> _MATERIAL PROVIDED_:
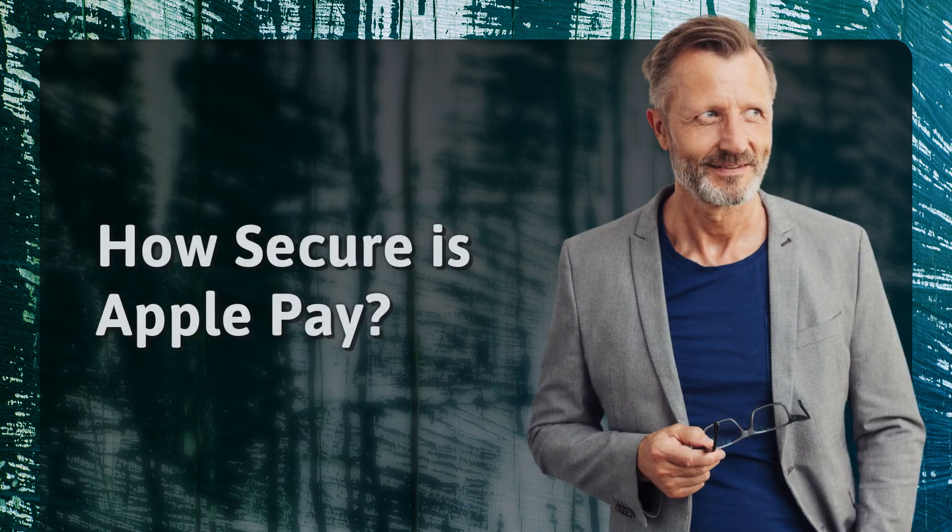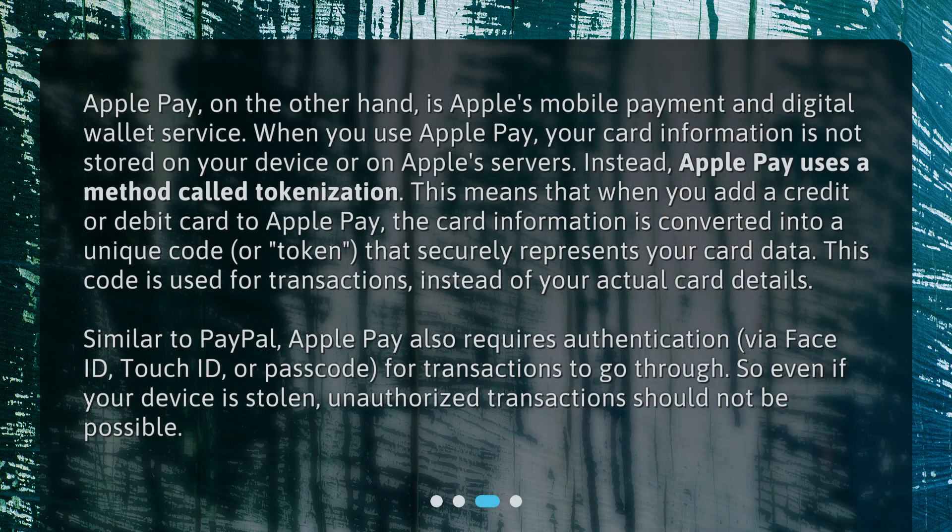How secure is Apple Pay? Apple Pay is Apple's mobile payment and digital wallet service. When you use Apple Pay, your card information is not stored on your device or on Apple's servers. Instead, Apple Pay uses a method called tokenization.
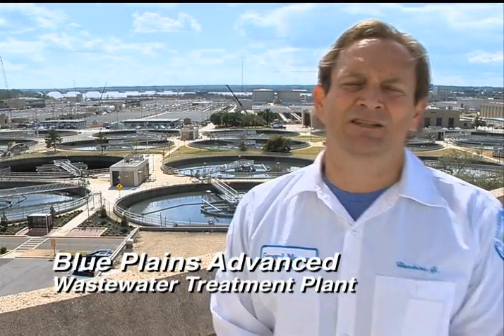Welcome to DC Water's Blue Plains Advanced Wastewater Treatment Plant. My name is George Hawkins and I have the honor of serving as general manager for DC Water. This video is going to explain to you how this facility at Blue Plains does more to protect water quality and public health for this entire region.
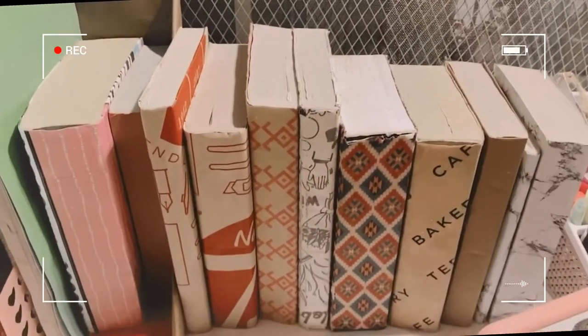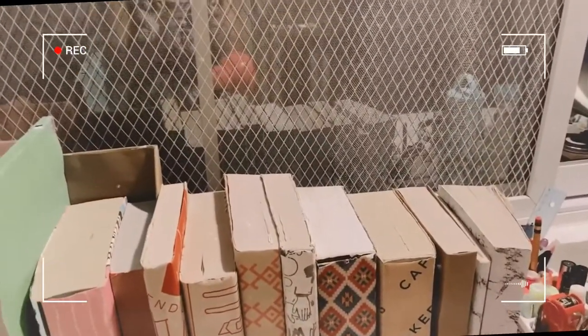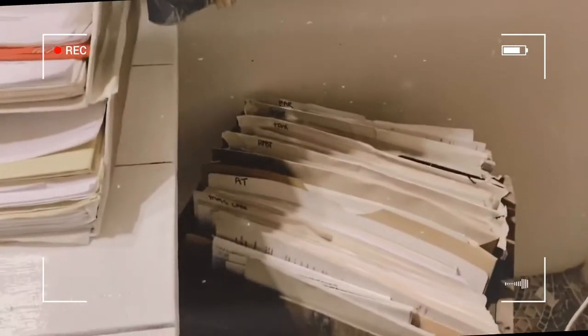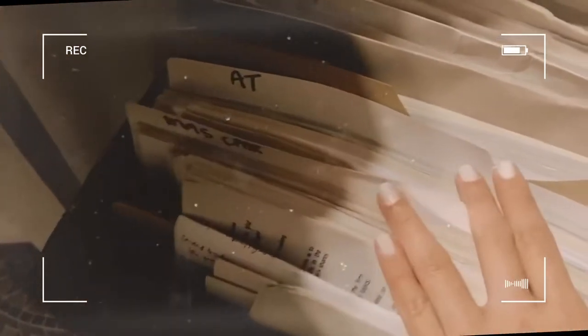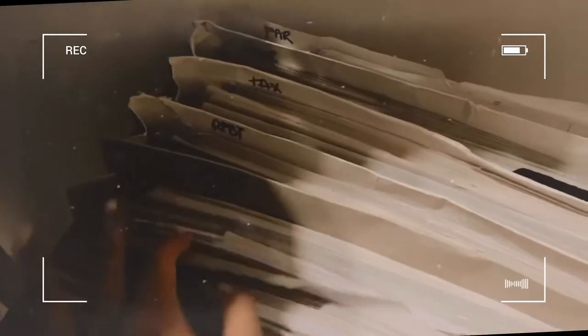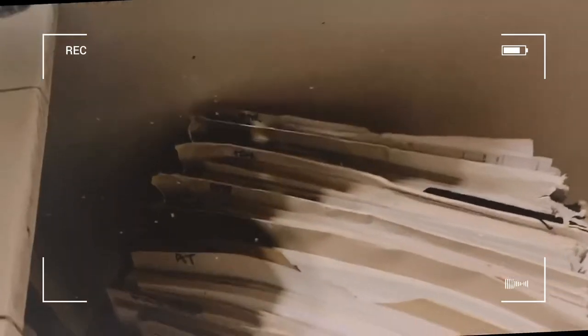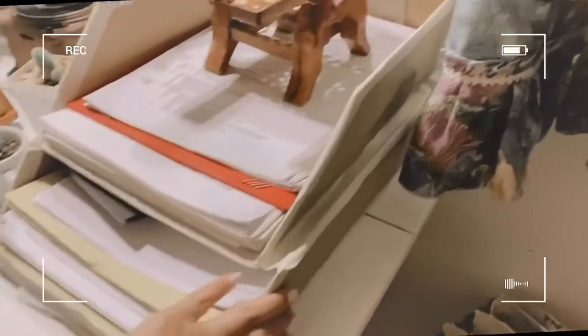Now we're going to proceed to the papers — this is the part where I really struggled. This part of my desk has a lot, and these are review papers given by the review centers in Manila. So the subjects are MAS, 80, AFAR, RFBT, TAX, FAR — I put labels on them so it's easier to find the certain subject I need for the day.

--

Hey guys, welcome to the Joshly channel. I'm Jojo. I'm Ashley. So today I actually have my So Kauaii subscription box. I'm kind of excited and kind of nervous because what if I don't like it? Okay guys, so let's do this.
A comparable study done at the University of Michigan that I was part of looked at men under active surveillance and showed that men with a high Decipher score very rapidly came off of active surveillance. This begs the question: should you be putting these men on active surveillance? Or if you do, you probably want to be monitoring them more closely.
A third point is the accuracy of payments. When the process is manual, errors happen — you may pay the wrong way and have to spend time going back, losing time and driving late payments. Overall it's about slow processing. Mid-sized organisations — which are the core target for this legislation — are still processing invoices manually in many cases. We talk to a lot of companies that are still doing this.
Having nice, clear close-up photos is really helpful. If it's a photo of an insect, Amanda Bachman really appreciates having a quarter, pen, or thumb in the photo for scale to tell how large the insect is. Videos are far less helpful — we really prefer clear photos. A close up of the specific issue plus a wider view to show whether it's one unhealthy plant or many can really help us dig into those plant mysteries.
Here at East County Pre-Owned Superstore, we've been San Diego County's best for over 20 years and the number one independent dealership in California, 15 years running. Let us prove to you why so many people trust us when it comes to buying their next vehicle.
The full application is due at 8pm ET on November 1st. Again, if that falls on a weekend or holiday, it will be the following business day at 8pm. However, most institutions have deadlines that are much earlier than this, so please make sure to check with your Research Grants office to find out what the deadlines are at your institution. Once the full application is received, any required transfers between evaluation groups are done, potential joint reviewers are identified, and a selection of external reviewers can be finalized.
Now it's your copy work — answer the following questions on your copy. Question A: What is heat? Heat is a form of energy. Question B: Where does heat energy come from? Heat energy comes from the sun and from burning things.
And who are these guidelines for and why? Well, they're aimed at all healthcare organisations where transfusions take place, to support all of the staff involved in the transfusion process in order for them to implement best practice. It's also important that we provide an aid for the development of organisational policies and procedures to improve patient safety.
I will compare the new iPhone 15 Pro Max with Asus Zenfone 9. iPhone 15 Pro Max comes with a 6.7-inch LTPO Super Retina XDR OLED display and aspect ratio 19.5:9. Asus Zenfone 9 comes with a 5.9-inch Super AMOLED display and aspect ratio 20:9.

> _TASK GOAL_: Could you write out, exactly as they stand, only the lines above that begin at the line with "Having nice, clear" and stop after the line with "The full application is due"?

> _ANSWER SPACE_:
Having nice, clear close-up photos is really helpful. If it's a photo of an insect, Amanda Bachman really appreciates having a quarter, pen, or thumb in the photo for scale to tell how large the insect is. Videos are far less helpful — we really prefer clear photos. A close up of the specific issue plus a wider view to show whether it's one unhealthy plant or many can really help us dig into those plant mysteries.
Here at East County Pre-Owned Superstore, we've been San Diego County's best for over 20 years and the number one independent dealership in California, 15 years running. Let us prove to you why so many people trust us when it comes to buying their next vehicle.
The full application is due at 8pm ET on November 1st. Again, if that falls on a weekend or holiday, it will be the following business day at 8pm. However, most institutions have deadlines that are much earlier than this, so please make sure to check with your Research Grants office to find out what the deadlines are at your institution. Once the full application is received, any required transfers between evaluation groups are done, potential joint reviewers are identified, and a selection of external reviewers can be finalized.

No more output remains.